Al igual que el cambio climático nos enseña que existen bienes comunes globales que trazan el inevitable camino de la interdependencia, el exótico y amenazante coronavirus nos muestra la otra cara de la moneda: la histeria también se propaga. Las reacciones a la infección han tenido el mismo impacto global que la posverdad, y preferimos dejarnos llevar por la pura emocionalidad antes que por el juicio racional. Hasta la fecha, nada indica que no tengamos las herramientas suficientes para prevenir y contener una enfermedad que está generando un miedo desproporcionado en relación con su impacto real.

Quizás la pandemia, al cabo, sea la perfecta metáfora de nuestro tiempo: una enfermedad epidémica que ocurre simultáneamente en muchos países. Lo vimos con la ira y sus movilizaciones transfronterizas, en la similitud de los levantamientos contra el sistema y también en las banderas hongkonesas ondeadas en Cataluña, en los chalecos amarillos de nuestros agricultores patrios o en el baile viral de las feministas chilenas. Pero quizás la pandemia que se propaga con más nitidez es esa descomposición trumpiana que ha llegado al corazón de Europa, tal vez para quedarse. Trump marca una tendencia nueva, como lo hizo Reagan en su día: al principio escandaliza, para extenderse después como una mecha hasta normalizarse.
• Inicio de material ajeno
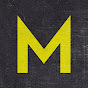 Mortalitales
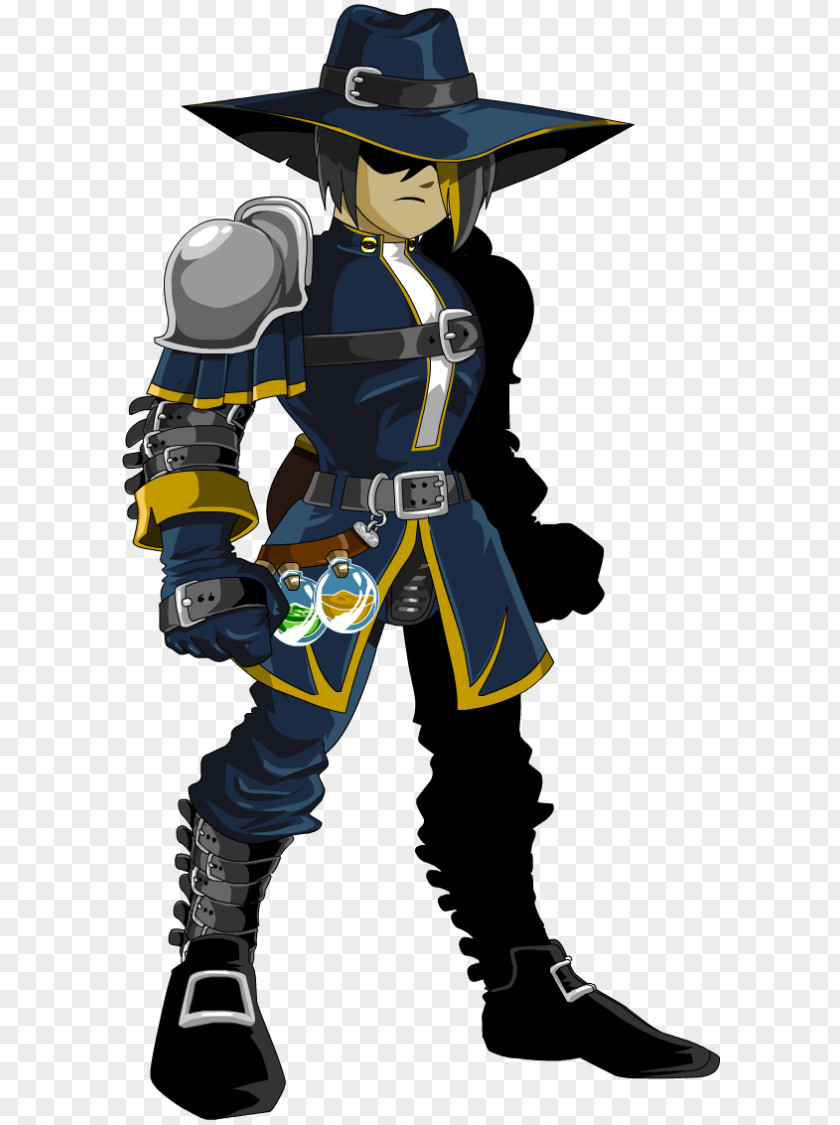 Armour AdventureQuest Worlds Artix Entertainment Video Game PNG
Los tories se han rendido mayoritariamente al trumpismo, emulando a sus homólogos norteamericanos, una batalla que se libra aún en la CDU alemana, donde Merkel se ha impuesto al precio de sacrificar a su delfina, sin que sepamos cuánto tiempo podrá contener el virus. El dilema conservador está en aceptar o no la convivencia con la ultraderecha, una espita que ya se ha abierto en el partido democristiano europeo con mayor capacidad de irradiación. Lo que allí pase afectará a lo que ocurra aquí, pues la misma guerra se libra hoy en nuestro Partido Popular: en Europa, con la evidente rivalidad entre González Pons y Dolors Montserrat, la candidata de Casado, pero también en las inminentes elecciones autonómicas de Galicia, País Vasco y Cataluña.

A veces, inclinarse hacia una dirección u otra trae consecuencias para una década.